___ Exercise data

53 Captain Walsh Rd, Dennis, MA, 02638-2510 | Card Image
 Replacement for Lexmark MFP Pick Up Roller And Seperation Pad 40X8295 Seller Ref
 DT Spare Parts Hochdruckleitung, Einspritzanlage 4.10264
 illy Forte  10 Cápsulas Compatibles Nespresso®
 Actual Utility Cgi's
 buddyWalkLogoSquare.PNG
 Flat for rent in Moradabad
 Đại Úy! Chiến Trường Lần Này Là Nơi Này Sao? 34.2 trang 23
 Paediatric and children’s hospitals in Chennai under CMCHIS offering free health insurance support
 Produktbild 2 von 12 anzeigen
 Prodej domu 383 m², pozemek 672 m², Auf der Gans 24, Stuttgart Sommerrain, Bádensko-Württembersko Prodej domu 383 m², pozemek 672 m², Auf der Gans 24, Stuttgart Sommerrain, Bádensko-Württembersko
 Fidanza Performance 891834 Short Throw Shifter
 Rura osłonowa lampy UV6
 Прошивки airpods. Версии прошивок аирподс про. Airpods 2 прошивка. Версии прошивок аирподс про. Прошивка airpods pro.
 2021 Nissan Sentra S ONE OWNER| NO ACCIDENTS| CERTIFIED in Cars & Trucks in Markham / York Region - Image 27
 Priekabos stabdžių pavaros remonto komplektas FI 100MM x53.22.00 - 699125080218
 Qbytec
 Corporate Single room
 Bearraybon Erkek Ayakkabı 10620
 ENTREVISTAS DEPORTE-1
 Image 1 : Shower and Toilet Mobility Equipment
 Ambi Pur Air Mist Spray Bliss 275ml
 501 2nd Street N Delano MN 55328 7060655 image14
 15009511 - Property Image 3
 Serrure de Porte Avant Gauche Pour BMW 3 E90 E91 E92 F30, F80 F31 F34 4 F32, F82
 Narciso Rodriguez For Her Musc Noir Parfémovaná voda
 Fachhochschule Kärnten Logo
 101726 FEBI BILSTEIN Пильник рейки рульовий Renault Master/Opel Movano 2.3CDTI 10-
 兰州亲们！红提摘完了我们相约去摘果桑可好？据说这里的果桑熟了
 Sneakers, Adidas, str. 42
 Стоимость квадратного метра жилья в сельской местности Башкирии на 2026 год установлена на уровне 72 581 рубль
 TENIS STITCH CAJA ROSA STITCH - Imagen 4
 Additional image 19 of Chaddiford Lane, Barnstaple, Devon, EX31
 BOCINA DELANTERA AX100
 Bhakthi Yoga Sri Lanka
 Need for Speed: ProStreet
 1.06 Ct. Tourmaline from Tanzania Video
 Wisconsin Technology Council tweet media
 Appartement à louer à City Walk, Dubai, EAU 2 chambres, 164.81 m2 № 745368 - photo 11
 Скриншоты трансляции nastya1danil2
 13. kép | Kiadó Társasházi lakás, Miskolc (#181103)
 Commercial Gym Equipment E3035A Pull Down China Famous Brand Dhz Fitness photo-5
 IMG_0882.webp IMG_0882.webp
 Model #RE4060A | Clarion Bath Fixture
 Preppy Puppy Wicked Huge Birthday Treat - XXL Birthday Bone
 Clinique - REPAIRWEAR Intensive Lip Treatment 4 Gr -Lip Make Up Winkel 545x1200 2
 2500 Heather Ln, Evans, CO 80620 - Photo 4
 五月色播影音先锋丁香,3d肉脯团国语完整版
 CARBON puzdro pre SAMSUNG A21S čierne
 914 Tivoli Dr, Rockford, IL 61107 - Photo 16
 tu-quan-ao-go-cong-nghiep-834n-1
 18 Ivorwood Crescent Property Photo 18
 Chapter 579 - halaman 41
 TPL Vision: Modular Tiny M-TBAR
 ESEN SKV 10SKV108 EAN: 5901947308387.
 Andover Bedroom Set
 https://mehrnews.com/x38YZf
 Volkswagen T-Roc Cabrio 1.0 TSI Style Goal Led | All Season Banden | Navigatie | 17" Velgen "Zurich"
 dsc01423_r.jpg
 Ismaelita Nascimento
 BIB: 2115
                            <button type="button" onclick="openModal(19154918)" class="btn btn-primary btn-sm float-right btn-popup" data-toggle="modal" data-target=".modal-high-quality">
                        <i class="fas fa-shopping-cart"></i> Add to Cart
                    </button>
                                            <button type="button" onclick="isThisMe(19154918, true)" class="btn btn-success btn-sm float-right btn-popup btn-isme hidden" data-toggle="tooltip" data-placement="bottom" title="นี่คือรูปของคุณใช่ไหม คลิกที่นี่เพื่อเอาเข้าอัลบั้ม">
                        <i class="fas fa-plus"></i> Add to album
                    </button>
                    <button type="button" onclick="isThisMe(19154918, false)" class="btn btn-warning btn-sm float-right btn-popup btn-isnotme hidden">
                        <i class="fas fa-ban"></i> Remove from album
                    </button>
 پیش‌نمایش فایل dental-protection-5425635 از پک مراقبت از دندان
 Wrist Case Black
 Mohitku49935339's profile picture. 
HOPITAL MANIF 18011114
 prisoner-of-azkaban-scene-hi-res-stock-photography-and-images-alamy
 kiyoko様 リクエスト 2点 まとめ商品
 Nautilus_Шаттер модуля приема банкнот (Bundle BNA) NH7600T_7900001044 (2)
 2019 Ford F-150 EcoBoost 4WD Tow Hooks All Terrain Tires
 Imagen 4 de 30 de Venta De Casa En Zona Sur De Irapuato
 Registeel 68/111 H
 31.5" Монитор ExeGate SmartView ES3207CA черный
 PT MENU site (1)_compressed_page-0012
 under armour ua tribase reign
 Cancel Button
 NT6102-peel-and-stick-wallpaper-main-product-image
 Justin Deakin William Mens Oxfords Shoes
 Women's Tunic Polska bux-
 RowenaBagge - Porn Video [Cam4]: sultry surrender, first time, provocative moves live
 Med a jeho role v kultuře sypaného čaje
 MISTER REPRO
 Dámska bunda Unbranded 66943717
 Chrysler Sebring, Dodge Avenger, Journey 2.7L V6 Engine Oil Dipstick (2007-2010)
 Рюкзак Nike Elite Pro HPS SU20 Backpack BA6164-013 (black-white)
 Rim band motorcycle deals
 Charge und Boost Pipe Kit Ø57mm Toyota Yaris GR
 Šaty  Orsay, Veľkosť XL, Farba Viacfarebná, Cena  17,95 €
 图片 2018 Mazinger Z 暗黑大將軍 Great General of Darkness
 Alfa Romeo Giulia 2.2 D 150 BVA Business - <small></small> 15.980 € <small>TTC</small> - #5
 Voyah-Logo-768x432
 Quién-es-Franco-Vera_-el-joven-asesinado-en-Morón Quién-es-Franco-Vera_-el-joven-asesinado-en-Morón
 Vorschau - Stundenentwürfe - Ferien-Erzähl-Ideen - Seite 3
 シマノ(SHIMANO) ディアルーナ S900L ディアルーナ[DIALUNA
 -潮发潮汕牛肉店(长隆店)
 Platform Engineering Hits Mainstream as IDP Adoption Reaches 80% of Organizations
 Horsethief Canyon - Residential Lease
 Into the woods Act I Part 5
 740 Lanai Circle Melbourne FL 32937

______

Search the entries for "hidden" and copy each matching line.

                                            <button type="button" onclick="isThisMe(19154918, true)" class="btn btn-success btn-sm float-right btn-popup btn-isme hidden" data-toggle="tooltip" data-placement="bottom" title="นี่คือรูปของคุณใช่ไหม คลิกที่นี่เพื่อเอาเข้าอัลบั้ม">
                    <button type="button" onclick="isThisMe(19154918, false)" class="btn btn-warning btn-sm float-right btn-popup btn-isnotme hidden">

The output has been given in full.